_WHAT THE EXERCISE ASKS_
A word-for-word copy is needed of the line containing "hyundai creta 1.0" and every line after it through the end of the records below, leaving out all pictures.

[Image-caption web data]
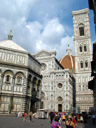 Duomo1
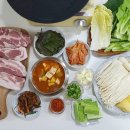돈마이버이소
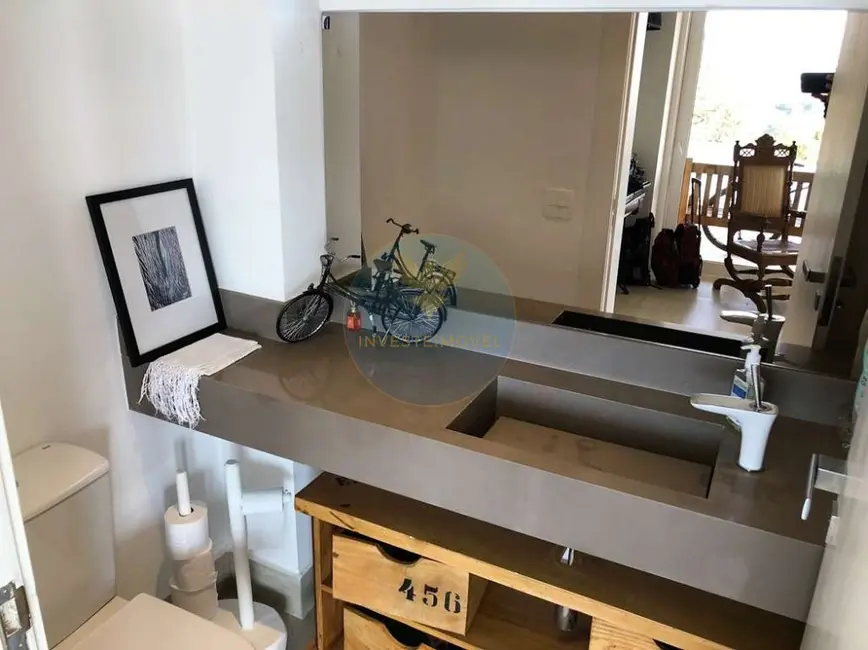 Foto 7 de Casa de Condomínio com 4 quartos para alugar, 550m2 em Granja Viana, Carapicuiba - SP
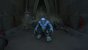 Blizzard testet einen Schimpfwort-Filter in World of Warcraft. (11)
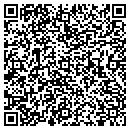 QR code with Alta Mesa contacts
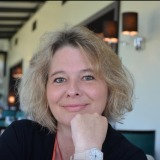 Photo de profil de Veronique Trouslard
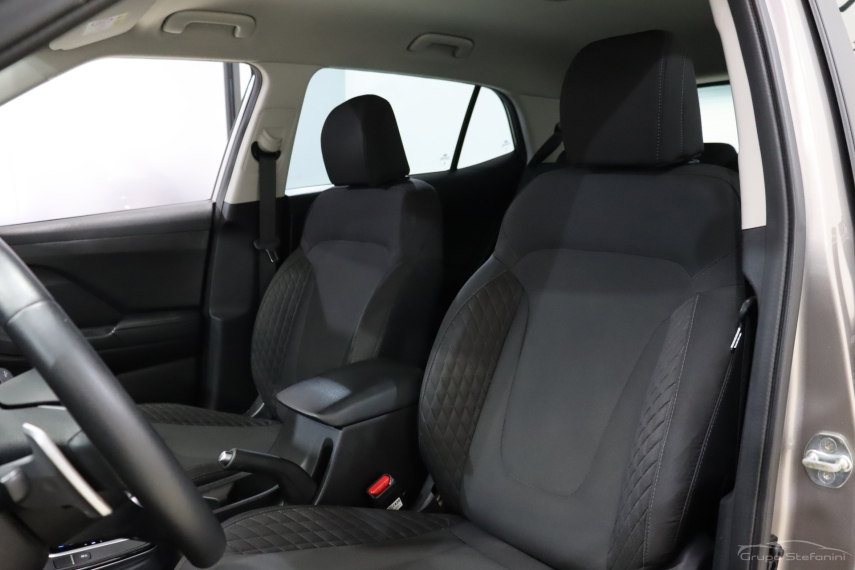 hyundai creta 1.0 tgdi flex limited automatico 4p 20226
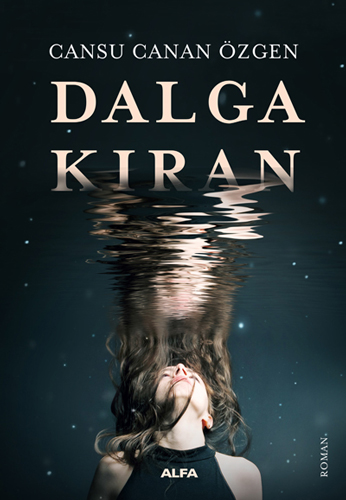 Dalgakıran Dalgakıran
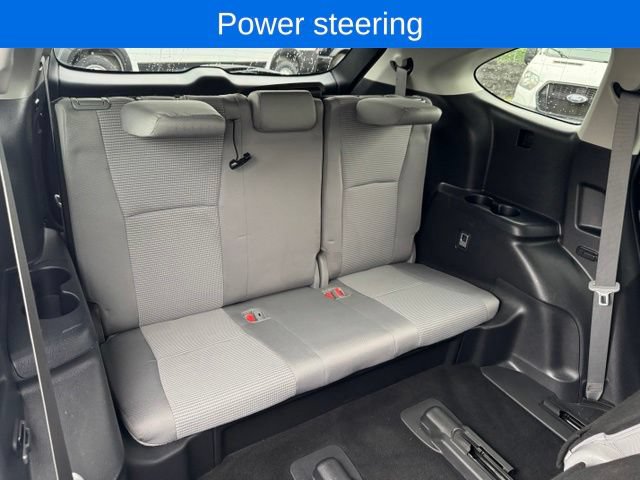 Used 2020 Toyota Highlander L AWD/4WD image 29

_ANSWER TO THE PROBLEM_
 hyundai creta 1.0 tgdi flex limited automatico 4p 20226
 Dalgakıran Dalgakıran
 Used 2020 Toyota Highlander L AWD/4WD image 29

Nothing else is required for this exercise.